A Modified CTGAN-Plus-Features Based Method for Optimal Asset Allocation
José-Manuel Peña, Fernando Suárez, Omar Larré, Domingo Ramírez, Arturo Cifuentes
TL;DR
This work tackles robust asset allocation under tail risk by integrating CVaR-constrained optimization with regime-aware synthetic data generation. It introduces a Modified CTGAN that ingests contextual yield-curve features to produce realistic synthetic returns, enabling more representative scenario sets than historical data alone. The optimization is reformulated into a discretized linear program, using a loss threshold $\zeta$ and auxiliary variables $\mathbf{z}$ to enforce the CVaR constraint while maintaining a budget of 1 and nonnegative weights, with the objective expressed as $\max \mathbf{x}^\top \mathbf{R} \bm{\pi}$. Feature-based weighting via $\bm{\pi}_{\bm{f}}$ allows alignment with the current economic state. Empirical results over ten asset classes and ~14.5 years show improved out-of-sample performance relative to equal-weighting and data-only formulations, highlighting the method's practical impact for long-horizon, index-based portfolios.
Abstract
We propose a new approach to portfolio optimization that utilizes a unique combination of synthetic data generation and a CVaR-constraint. We formulate the portfolio optimization problem as an asset allocation problem in which each asset class is accessed through a passive (index) fund. The asset-class weights are determined by solving an optimization problem which includes a CVaR-constraint.

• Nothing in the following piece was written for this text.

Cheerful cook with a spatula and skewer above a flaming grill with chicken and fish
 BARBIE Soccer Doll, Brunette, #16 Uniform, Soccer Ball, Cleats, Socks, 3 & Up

The optimization is carried out by means of a Modified CTGAN algorithm which incorporates features (contextual information) and is used to generate synthetic return scenarios, which, in turn, are fed into the optimization engine. For contextual information we rely on several points along the U.S. Treasury yield curve. The merits of this approach are demonstrated with an example based on ten asset classes (covering stocks, bonds, and commodities) over a fourteen-and-half year period (January 2008-June 2022). We also show that the synthetic generation process is able to capture well the key characteristics of the original data, and the optimization scheme results in portfolios that exhibit satisfactory out-of-sample performance. We also show that this approach outperforms the conventional equal-weights (1/N) asset allocation strategy and other optimization formulations based on historical data only.